> _EXERCISE INSTRUCTIONS_:
Line by line, set down all the data below exactly, omitting any picture.

> _AVAILABLE DATA_:
━━━━━━━━━━━━━━━━

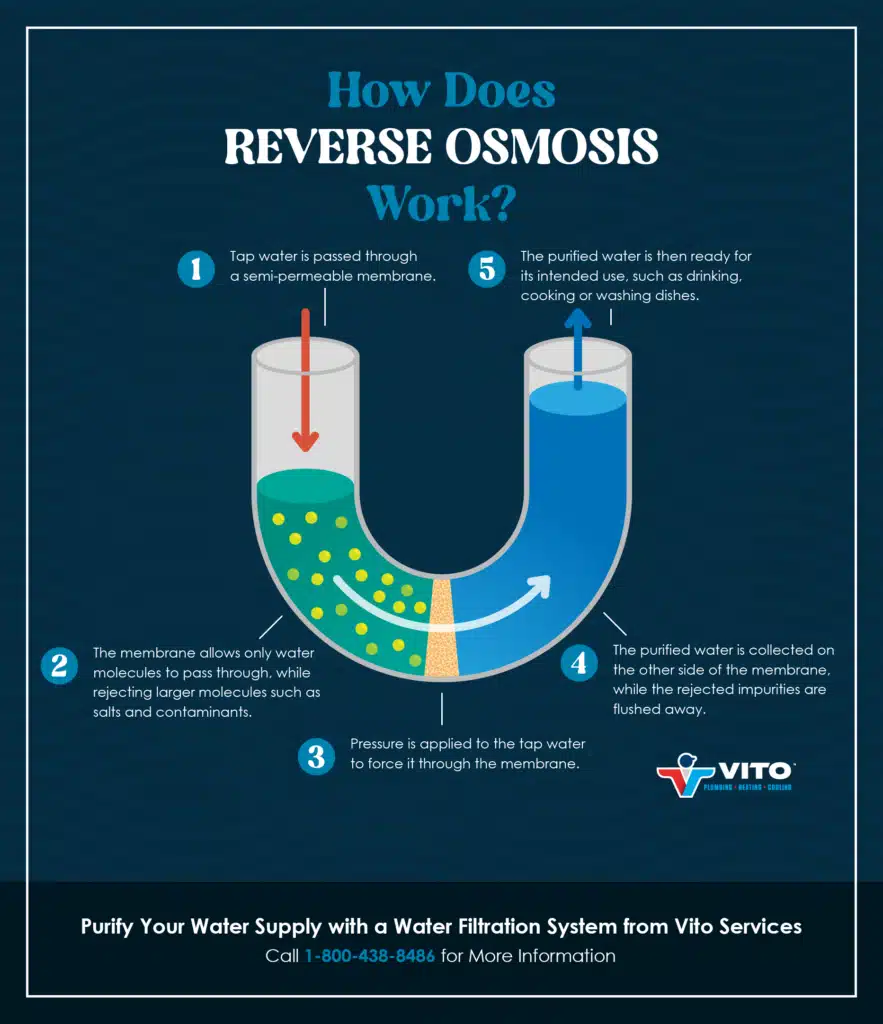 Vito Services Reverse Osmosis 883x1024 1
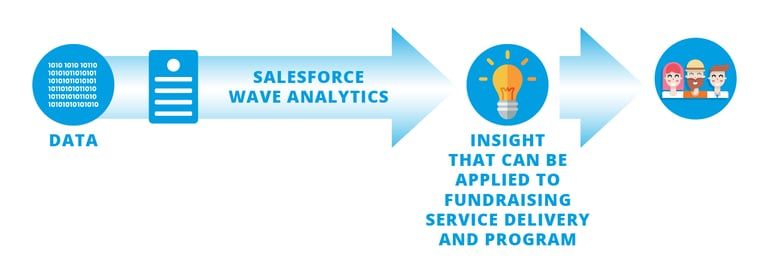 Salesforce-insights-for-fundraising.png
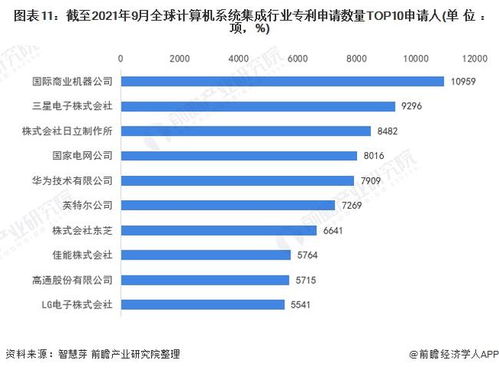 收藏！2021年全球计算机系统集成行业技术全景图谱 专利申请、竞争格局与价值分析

━━━━━━━━━━━━━━━━

> _OUTPUT BELOW_:
 Vito Services Reverse Osmosis 883x1024 1
 Salesforce-insights-for-fundraising.png
 收藏！2021年全球计算机系统集成行业技术全景图谱 专利申请、竞争格局与价值分析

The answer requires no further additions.